Until the late 1970s, patriarchs in Chinese villages wielded considerable clout in deciding who their sons and daughters married. They would hire matchmakers to find the perfect match and smooth over the complicated customs, such as the dowry.

Zhang said it could take up to a year to go through the premarital customs: inquiries about names, the first meeting, further meetings, proposal and marriage. Even a small mistake could derail negotiations.

But that all sounds a bit last century. China's rapid economic development has changed rural life. Young adults today have joined the migrant work force in the cities; they meet, get married and settle down. Few rely on resources from home to find love.

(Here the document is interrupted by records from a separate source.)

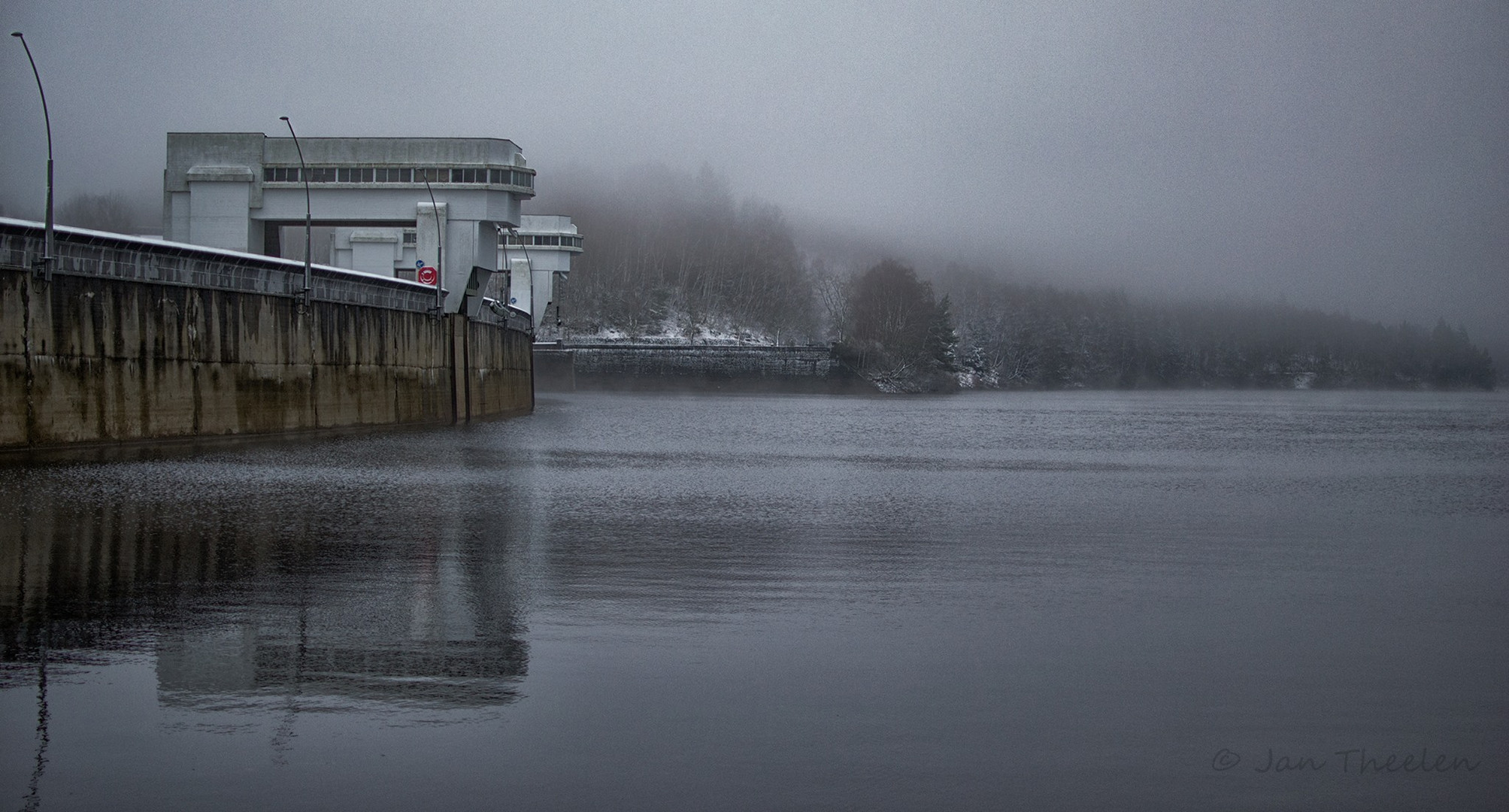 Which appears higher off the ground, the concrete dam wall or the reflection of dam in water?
the concrete dam wall

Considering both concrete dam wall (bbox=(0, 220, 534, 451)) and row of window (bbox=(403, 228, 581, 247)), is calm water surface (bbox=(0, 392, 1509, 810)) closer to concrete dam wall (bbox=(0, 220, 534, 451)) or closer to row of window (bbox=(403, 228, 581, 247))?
concrete dam wall (bbox=(0, 220, 534, 451))

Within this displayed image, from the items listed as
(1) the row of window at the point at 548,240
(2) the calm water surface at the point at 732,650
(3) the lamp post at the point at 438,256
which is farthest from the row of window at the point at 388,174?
(1) the row of window at the point at 548,240

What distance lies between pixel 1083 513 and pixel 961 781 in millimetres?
14262

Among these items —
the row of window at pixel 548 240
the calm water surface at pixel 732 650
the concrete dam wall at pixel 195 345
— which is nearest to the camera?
the calm water surface at pixel 732 650

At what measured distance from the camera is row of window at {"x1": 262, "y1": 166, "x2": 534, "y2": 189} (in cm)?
4856

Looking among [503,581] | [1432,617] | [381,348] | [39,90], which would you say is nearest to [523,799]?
[503,581]

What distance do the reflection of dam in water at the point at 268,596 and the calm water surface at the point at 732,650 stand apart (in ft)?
0.17

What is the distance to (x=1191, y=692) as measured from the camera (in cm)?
841

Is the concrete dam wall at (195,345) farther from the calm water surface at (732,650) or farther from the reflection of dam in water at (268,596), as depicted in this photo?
the reflection of dam in water at (268,596)

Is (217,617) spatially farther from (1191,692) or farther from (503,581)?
(1191,692)

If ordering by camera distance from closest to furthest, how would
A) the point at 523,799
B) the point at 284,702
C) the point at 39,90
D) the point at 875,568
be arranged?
the point at 523,799 → the point at 284,702 → the point at 875,568 → the point at 39,90

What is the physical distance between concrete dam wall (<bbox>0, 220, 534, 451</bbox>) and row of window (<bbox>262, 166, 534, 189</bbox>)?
15.3ft

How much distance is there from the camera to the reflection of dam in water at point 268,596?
8.21 metres

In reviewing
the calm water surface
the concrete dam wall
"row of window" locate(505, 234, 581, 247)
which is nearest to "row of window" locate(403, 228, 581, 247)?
"row of window" locate(505, 234, 581, 247) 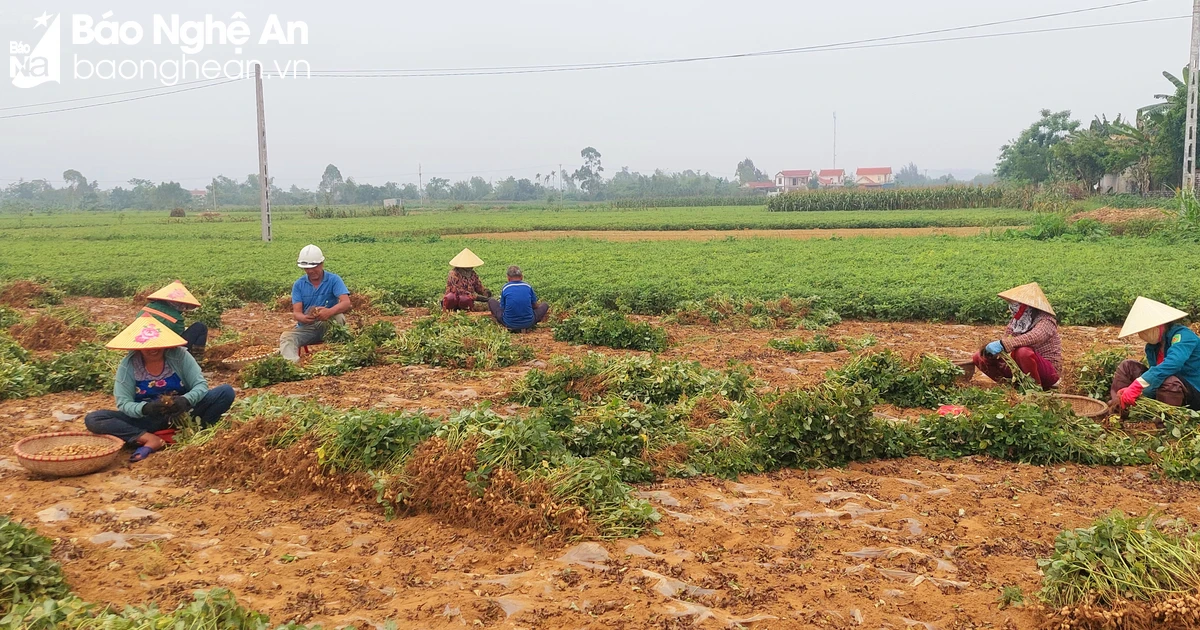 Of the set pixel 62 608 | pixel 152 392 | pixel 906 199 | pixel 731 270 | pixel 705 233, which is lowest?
pixel 62 608

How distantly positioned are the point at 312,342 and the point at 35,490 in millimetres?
4902

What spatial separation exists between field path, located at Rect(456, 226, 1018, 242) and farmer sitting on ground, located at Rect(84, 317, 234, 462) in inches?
985

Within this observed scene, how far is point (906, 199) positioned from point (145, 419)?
52.0m

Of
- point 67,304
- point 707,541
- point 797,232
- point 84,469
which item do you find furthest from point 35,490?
point 797,232

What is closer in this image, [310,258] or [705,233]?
[310,258]

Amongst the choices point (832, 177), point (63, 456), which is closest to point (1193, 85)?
point (63, 456)

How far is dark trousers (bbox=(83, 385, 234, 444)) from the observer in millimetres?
Result: 6590

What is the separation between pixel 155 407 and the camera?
21.7ft

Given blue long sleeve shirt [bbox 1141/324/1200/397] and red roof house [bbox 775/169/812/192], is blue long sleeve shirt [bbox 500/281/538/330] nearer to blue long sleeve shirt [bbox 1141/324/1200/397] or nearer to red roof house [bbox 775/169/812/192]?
blue long sleeve shirt [bbox 1141/324/1200/397]

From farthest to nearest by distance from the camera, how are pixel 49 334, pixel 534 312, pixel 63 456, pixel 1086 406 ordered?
pixel 534 312, pixel 49 334, pixel 1086 406, pixel 63 456

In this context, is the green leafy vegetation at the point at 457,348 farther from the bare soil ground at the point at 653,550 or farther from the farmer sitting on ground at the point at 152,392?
the bare soil ground at the point at 653,550

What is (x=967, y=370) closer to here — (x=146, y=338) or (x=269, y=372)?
(x=269, y=372)

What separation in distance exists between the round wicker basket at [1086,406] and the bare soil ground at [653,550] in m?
0.85

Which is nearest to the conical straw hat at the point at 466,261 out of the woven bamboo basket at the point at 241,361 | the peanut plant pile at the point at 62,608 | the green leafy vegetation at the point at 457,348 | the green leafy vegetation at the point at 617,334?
the green leafy vegetation at the point at 457,348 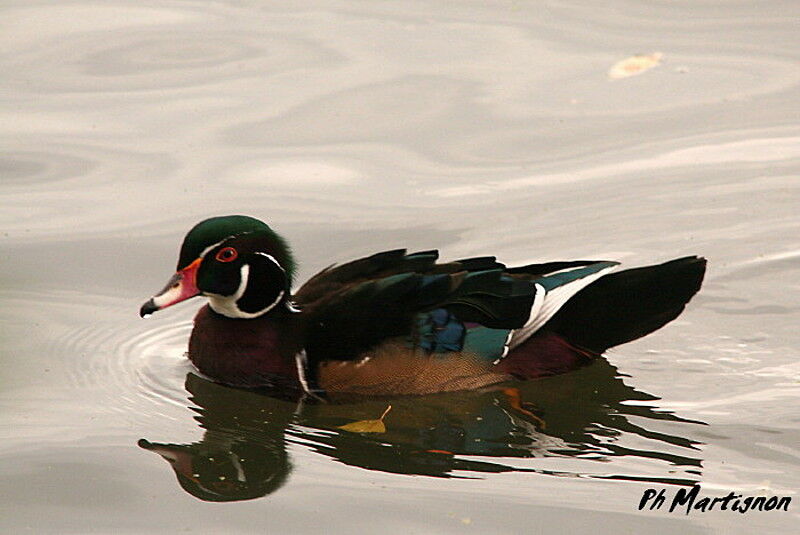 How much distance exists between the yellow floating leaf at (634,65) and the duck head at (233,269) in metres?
4.24

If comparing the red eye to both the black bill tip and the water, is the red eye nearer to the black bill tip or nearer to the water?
the black bill tip

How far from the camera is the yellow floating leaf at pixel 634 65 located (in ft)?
35.7

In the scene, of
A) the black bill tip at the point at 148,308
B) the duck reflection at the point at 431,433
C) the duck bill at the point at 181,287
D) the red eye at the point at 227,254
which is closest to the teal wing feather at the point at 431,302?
the duck reflection at the point at 431,433

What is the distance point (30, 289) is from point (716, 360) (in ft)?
12.2

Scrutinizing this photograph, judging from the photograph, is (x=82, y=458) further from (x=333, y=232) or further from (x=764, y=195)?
(x=764, y=195)

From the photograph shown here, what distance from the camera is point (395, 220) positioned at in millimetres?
9195

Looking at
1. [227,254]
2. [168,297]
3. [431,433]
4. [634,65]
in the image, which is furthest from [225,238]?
[634,65]

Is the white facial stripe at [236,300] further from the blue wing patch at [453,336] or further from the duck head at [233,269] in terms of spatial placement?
Answer: the blue wing patch at [453,336]

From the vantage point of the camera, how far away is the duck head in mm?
7180

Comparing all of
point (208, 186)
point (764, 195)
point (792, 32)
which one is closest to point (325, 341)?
point (208, 186)

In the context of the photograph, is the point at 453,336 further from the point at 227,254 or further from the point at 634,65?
the point at 634,65

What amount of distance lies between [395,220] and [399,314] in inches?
87.5

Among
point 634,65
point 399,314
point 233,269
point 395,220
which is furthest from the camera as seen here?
point 634,65

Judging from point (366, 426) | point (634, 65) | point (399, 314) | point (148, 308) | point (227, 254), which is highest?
point (634, 65) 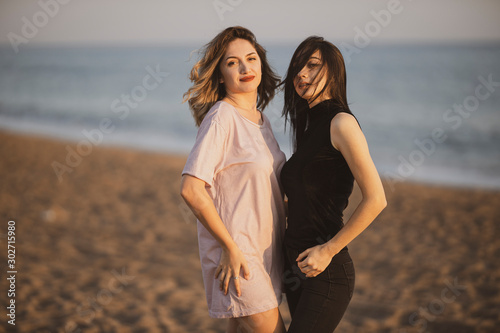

Between 2011 and 2015, 20 million people a year settled in cities. By 2015, permanent urban residents accounted for 56 percent of the population.

Even the few left in villages are becoming tech savvy.

Thanks to the internet, they can now meet people on social media, rendering matchmakers obsolete.

Online dating has also boomed as investors cash in on a huge market. Jiayuan, one such website, said it has 160 million registered users.

While dating sites cater to the needs of urban lonely hearts, whose time is largely occupied by work, young adults in rural areas have more time and freedom to mingle.

"In the past, the bride and groom could not even meet without matchmakers. Now, few come to us for such an encounter," Zhang said.

If she accepted a job, families paid her with gifts of candy, tea and liquor, or sometimes cash amounting to 200 yuan (). "It was not enough to make a living, but I enjoyed doing it as a bit of philanthropy," Zhang said. "It was always a blessing to see couples live happily ever after."

Guo Xiurong, 75, and his wife were Zhang's first success story. Guo spoke highly of the old-fashioned matchmaker's role in making rural marriages possible.

On a sad note, another client, Chen Xiuqi, said even the best in the trade will eventually fade into history. Zhang sees a bright side though, adding, "As the profession disappears, it means our society has developed."